The row centred on a Weetabix–branded app that could be accessed via the cereal brand's homepage.
The Weetabix app, which used QR technology and was created by Bartle Bogle Hegarty, included two games in which players could control a character, called the WeetaKid, to collect items to populate Weetakid's "world".
A character in the game issued messages to players such as " No Weetabix? Disaster! Don't make things harder for yourself!", and "You’re not eating your Weetabix? What about the extra energy? Oh good heavens!"
The Advertising Standards Authority (ASA) was hit by complaints, including representations from the Family and Parenting Institute, which questioned the morality of the advergame.
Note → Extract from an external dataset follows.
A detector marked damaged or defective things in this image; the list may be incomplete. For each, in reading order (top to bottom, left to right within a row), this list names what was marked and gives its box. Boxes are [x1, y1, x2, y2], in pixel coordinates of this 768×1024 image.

The complaints challenged Weetabix on five separate issues: whether it exploited the credulity, loyalty, vulnerability of children by making them feel inferior or unpopular for not buying a product; that it included a plea to children to buy an advertised product; that the games were identifiable as marketing communications, and that the games advertised as a product, Weetos Bars, which could be classified as a product as a high in fat, salt or sugar and thus encouraged poor nutritional habits.
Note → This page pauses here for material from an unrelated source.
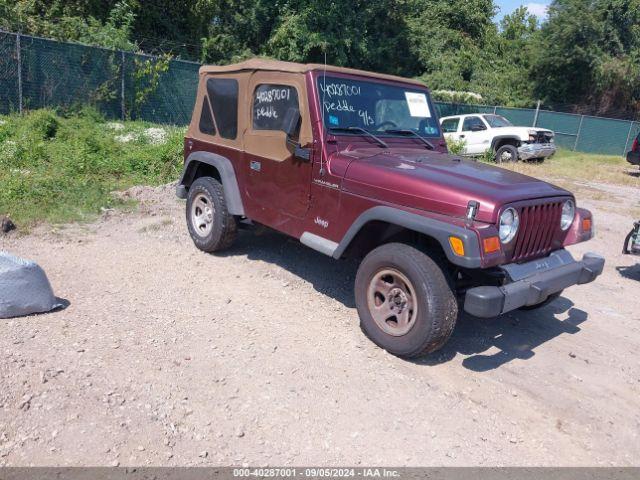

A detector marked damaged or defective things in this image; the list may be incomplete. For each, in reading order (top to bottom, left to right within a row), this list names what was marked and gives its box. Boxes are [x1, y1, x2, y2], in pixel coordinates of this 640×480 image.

damaged vehicle in background [440, 113, 556, 163]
In its defence, Weetabix said it had purposefully designed the app so that it could be played without purchasing the product. It also said the game was played in an "imaginary" and "fantastical" world, and so the impact of words and phrases used in the game should be viewed in that context.
The cereal brand acknowledged it was possible that messages and actions in the game might impact on children's food preferences, but said that that in itself did not constitute a breach of the CAP Code.
However, in its ruling, the ASA said it disagreed with Weetabix and that the game blurred the lines between the fantastical and real world. It also ruled that the language in the game could mean that children thought they were failing if they did not eat Weetabix.
The advertising watchdog said that although Weetabix had not broken any rules on three out of the four issues that had been complained about, it ruled that it exploited the credulity, loyalty of children by making them feel inferior or unpopular for not buying a product.
It banned the Weetabix ad, adding that, "We told Weetabix to ensure that their marketing communications that were directly targeted at children did not exploit their credulity or vulnerability, or make them feel inferior if they did not buy or ask their parents to buy, Weetabix's products."